As you can see there are six types that are subtypes of Ref. And here comes
why I have said that I want our post today to be entry-level. I will only talk
about RefValue and RefArray. I leave out other options as they are
rarely needed (unless you are doing low-level stuff in Julia, but then probably
you do not need to read this post ?).

The tricky thing is that when we write Ref(1) we do not get an object
whose type is Ref, but instead a RefValue (that is a subtype of Ref):

julia> v1 = Ref(1)
Base.RefValue{Int64}(1)

julia> v1[]
1

Similarly we can have a reference to an element of an array. In this case
we pass an array as a first argument to Ref and an index as a second one:

julia> v2 = Ref([2, 3, 4], 2)
Base.RefArray{Int64, Vector{Int64}, Nothing}([2, 3, 4], 2, nothing)

julia> v2[]
3

You can think of Ref as a convenient way to handle both cases (wrapping a value
and wrapping an element of an array) in a single syntax.

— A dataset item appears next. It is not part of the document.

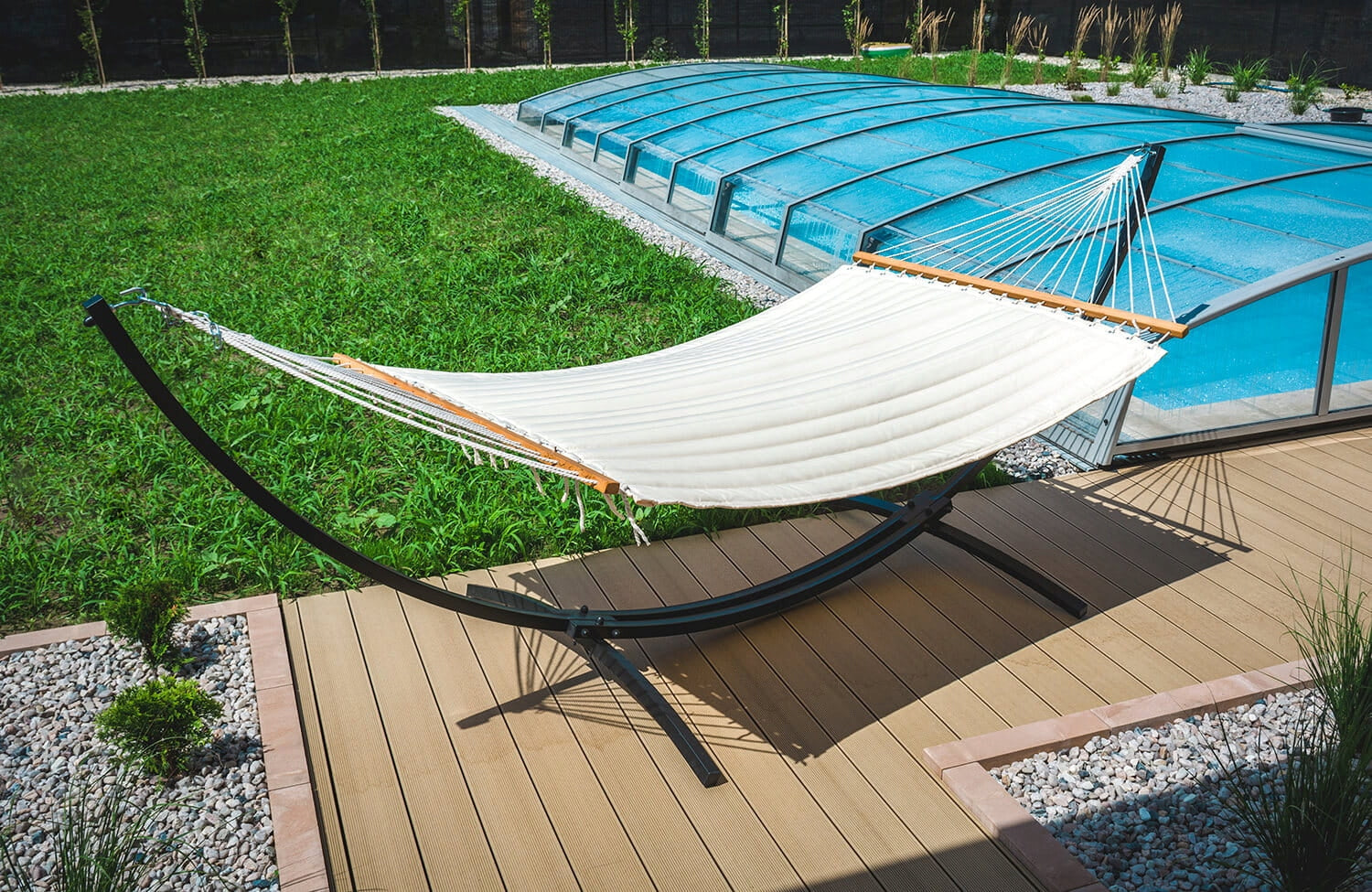 Garden Hammock with Cushion Quilted Double Beige Crossbar Swing Kind hammock with rod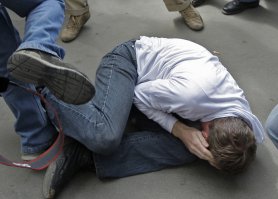 и бил он его долго и счастливо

There is one difference between RefValue and RefArray though. RefValue
indeed guarantees mutability of the container as we have seen in the example
above with the X struct. Trying to mutate RefArray will try to mutate
the underlying array. Therefore the following code fails:

julia> v3 = Ref(2:4, 2)
Base.RefArray{Int64, UnitRange{Int64}, Nothing}(2:4, 2, nothing)

julia> v3[] = 10
ERROR: CanonicalIndexError: setindex! not defined for UnitRange{Int64}

While this code works:

julia> a = [2, 3, 4]
3-element Vector{Int64}:
 2
 3
 4

julia> v4 = Ref(a, 2)
Base.RefArray{Int64, Vector{Int64}, Nothing}([2, 3, 4], 2, nothing)

julia> v4[]
3

julia> v4[] = 100
100

julia> v4
Base.RefArray{Int64, Vector{Int64}, Nothing}([2, 100, 4], 2, nothing)

julia> a
3-element Vector{Int64}:
   2
 100
   4

and we can see that the a array was changed.

Conclusions

The major things to remember about Ref are:

  • Its main uses are in broadcasting and when we need a lightweight mutable container.
  • Ref is abstract, when you write Ref(x) you do not get a Ref instance. Instead
    you will get a RefValue (which is mutable).
  • There are other subtypes of Ref than just RefValue. You will rarely need them.
    Of the other options the one you might want to use most often is RefArray, which
    creates a reference to a single element of the underlying array.

I hope you found this post a useful ref. for Ref.